Frustrated by the rejection and prejudice of his work, Dušan and his wife Helena moved to Tasmania for a short period in 1951 and then to Sydney. In 1953 Dušan held his first solo exhibition in Australia at the Mack Gallery in Sydney, featuring fifty works of art. It was a show that engaged all the senses, with visitors surrounded in an immersive surrealist environment, with six ticking clocks, a tinkling music box, velvet bejewelled flowers, web-like drapes and burning incense. The responses to his work in this exhibition were varied. In an article titled ‘Beware of reality’ published in the Mercury, it stated Sydney viewers have described the work as obscene, fascinating, repulsive and powerful.
While in Sydney Dušan purchased a 16mm camera and produced two films, Light of the Darkness and Fisherman’s Holiday. He continued to produce drawings and paintings that referenced his voyage experience and personal philosophy. In 1954 Dušan and Helena moved to New Guinea where Dušan was employed as a photographer, later working on plantations in Rabaul before accepting a role as an engineer on boats that transported copra (dried or roasted coconut). While in New Guinea Dušan produced paintings and several films in addition to making film recordings of the local environment and people. Dušan also created several pen-and ink drawings and a series of lino blocks, which he printed on a textile and used to illustrate his unfinished book of poems Jelajou.

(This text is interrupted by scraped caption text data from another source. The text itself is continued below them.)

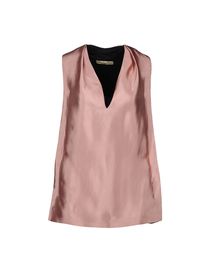 BALENCIAGA - Top
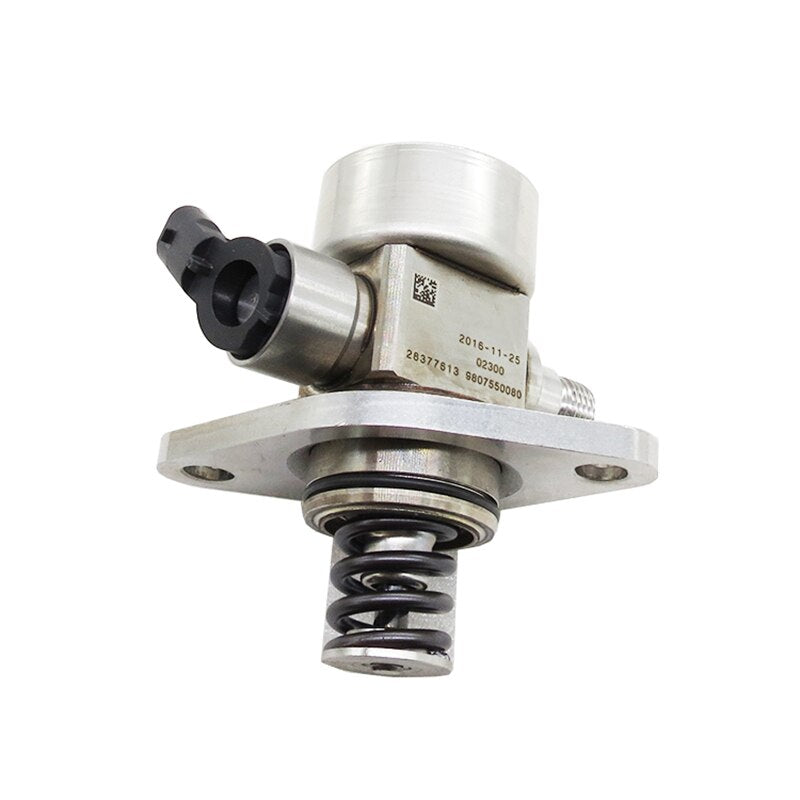 Baificar Brand New Genuine Fuel Pump High Pressure for Peugeot 308 408 Citroen C3XR C4L 1.2T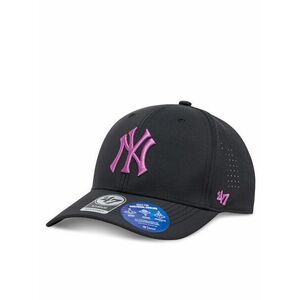 Baseball sapka 47 Brand kép
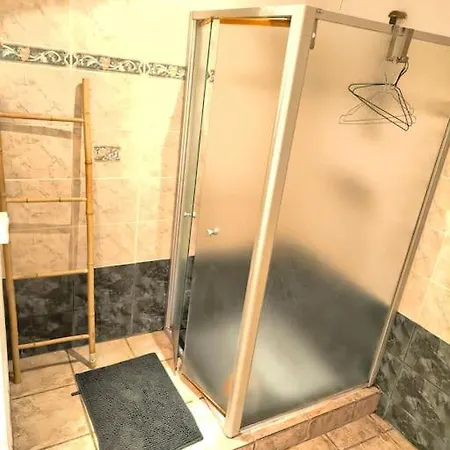 Dom wakacyjny Maison Curieuse - Hammam Et *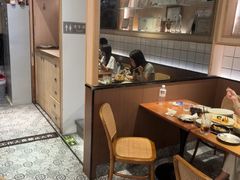 -森Some Fusion(荔湾店)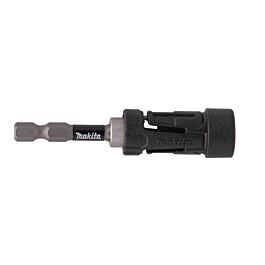 EMBOUT ULTRAMAG 79 IMPACT PREMIER MAKITA - E20270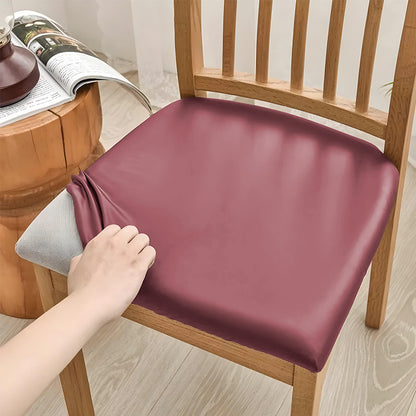 Chair Covers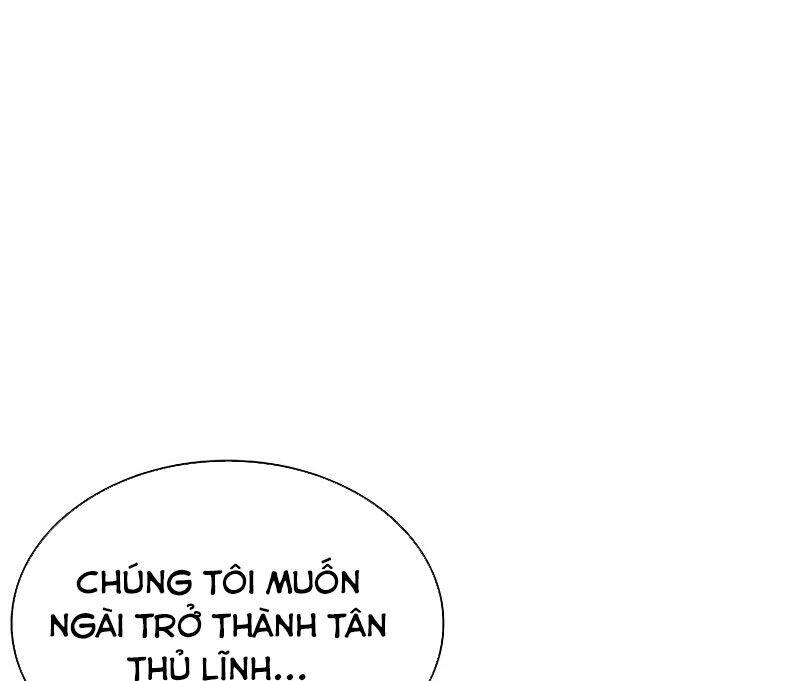 Hoán Đổi Diệu Kỳ Chapter 521 - 177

Voitre and Vera continued to live in Adelaide until 1956 when they joined the South Australian Lighthouse service and moved to Kangaroo Island with their two young children. They were stationed at three different lighthouse locations in South Australia: Cape du Couedic on Kangaroo Island; Troubridge Island, near Edithburgh on the Yorke Peninsula; and Cape Willoughby, Kangaroo Island. Both Voitre and Vera had dreamt of living as lighthouse keepers since they were in Prague and according to Vera in her unpublished memoir About my Husband: ‘For Voitre being a lighthouse keeper meant a true bonding with Australian nature’.
While a lighthouse keeper, Voitre continued to produce pen-and-ink drawings in a surrealist style with references to his growing faith, as well as creating busts of family and friends. Together Voitre and Vera also produced a puppet theatre and marionettes. Believing that their children may benefit from living in more conventional surroundings, Voitre and Vera decided to return to Adelaide in 1958. From the early 1960s Voitre decided to concentrate solely on his sculpture where he made works on commission for private individuals, churches and schools across Australia.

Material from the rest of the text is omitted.